The Challenge of Servant Leadership
Margaret John Kelly, DC (Vincentian Center for Church and Society) wrote on June 27, 2011:

Having served in leadership in the management of Catholic institutions (educational and health care) and in governance of many Catholic organizations over several decades, I have always spoken of (and tried to live with varying degrees of success) the servant-leadership approach as integral to our Gospel mission and Catholic identity. That type of leadership at the top seems to me to be a distinguishing characteristic of Christian faith-based organizations. Even though the goal is never fully achieved, the effort has the potential to advance organizational climate and even productivity.

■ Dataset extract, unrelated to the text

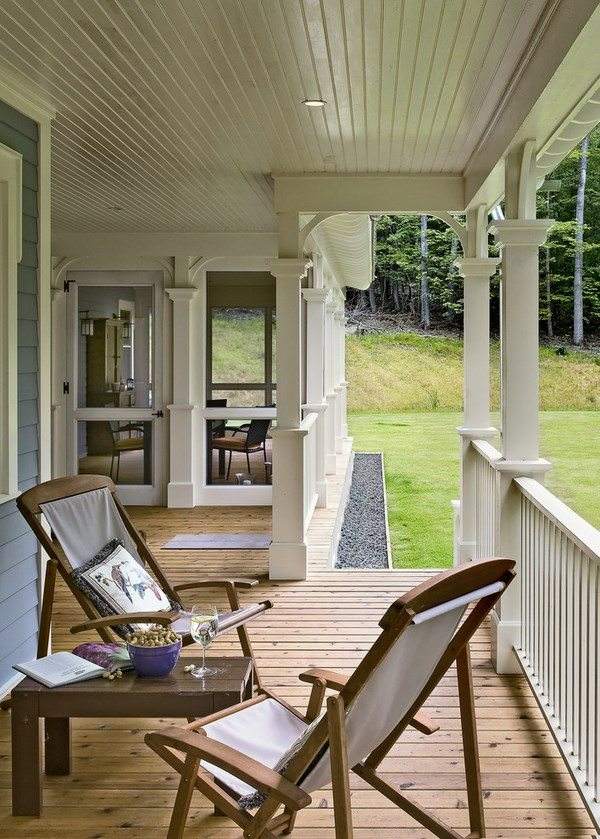 small veranda with railings chairs coffee table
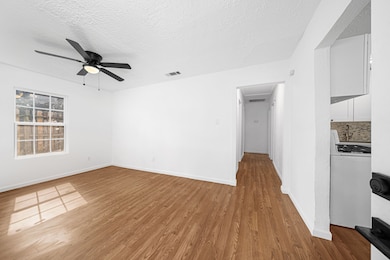 As you enter, you have the living room and then th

On the down side, to profess a commitment to servant leadership carries a very serious challenge, but so does Gospel-living which fortunately provides for forgiveness and redemption. It also seems that in our current environment, the language of “servant” is not easy for some to internalize as a value. For some it may connote too much mildness if not weakness, and for others it may demand too much detachment and imagination. It also requires as well a generous share of prudence and patience, not the most easily acquired or practiced virtues in this fast-paced world..

But still, because of the universality of the Gospel message, I think the servant leader approach provides for adaptation to particular needs or provides the repertoire advantage you mentioned in your critique of my chapter on “Leadership” in the Concise Guide to Catholic Church Management. Indeed in our interactions, we need to individualize according to the needs of others.